Friday, August 22, 2008

What is a short sale?

The recent rave in the real estate community seems to be the infamous 'Short Sale'. I want to take a little time and briefly explain what a short sale is how it is being used in the real estate community to liquidate distressed properties.

A short sale is a phrase used to described a sale in which the cost of the product or service being sold is actually more than the sales price of the product or service in question. Another common term to describe a short sale is being 'upside down'. The term short sale has become synonymous with any real estate transaction where the lender is agreeing to accept an amount less than is owed. Short sale has other definitions in the financial sector such as when a financial instrument is sold before it is actually owned. There are other variations of the meaning of short sale but for our purposes we will only discuss real estate transactions.

Short Sale Process
In real estate, a short sale is a rather lengthy process in which an agreement is made between the bank and seller for the bank to accept a lesser amount than owed. The steps in the process are as follows.

1. The seller needs to be in a distressed state, most of the time the property is in foreclosure. If a homeowner is
current on mortgage payments the bank will not approve a short sale. The loan is said to be 'performing'.

2. A lengthly package of documents needs to be assembled to prove to the bank that the seller can no longer
make payments. Most of these documents are the same ones used to qualify for the loan. You are basically
disqualifying the property owner. In addition to those financial documents a hardship letter needs to be
drafted explaining what caused the financial hardship. Also market trend reports, recent sales, market
analysis, news clippings and other information that can help the bank make a better determination as to why
they should accept a short sale.

3. The property has to be put on the market for sale and one must show a concerted effort to sell the property at
market value.
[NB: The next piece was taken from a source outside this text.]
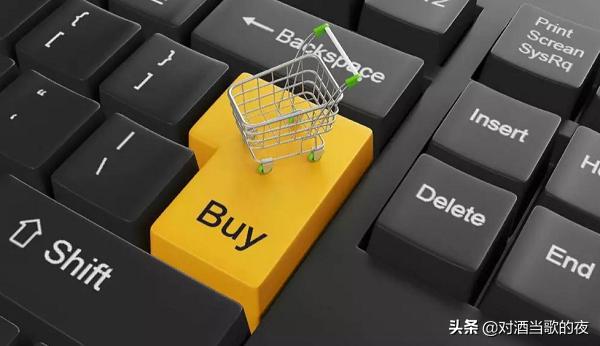 什么是亚马逊跨境电商无货源模式,亚马逊跨境电商无货源模式好用吗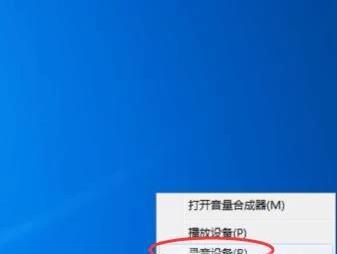 win10麥克風(fēng)無(wú)法使用、聲音無(wú)法輸入的處理方法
There is misinformation out there where people believe the bank will accept any amount. This is
not true. The bank will only accept market value whatever it may be. A detailed record of activity needs to be
kept and submitted to the bank along with all the other documents.

4. Once a buyer is found, the purchase contract along with all the other documents is submitted to the bank for
approval. Once approved the sales process is continued as any normal real estate transaction would.

Most homeowners don't know that the bank will pay almost all required fees and commissions to all parties on behalf of the seller. Essentially the homeowner walks away paying nothing. The exception being that the bank may require an appraisal in which case the homeowner might be asked to pay for it. Also important to note, in no case may the homeowner walk away with any proceeds from a short sale. In some extreme cases you may negotiate with the bank for the homeowner to receive a small amount (Usually no more than $1500) for moving expenses and help with rent. Again this is rare and not the norm.

Along with the steps above, diligent communication and follow-up is a must in order to successfully negotiate, process and close a short sale. The entire process can take anywhere from 3-6 months to complete depending upon how quickly an offer is received. The bank approval typically adds 30 to 60 days to the normal sales cycle of a property. You can see why it is important to hire a competent Realtor with a knowledgeable team to expedite the process.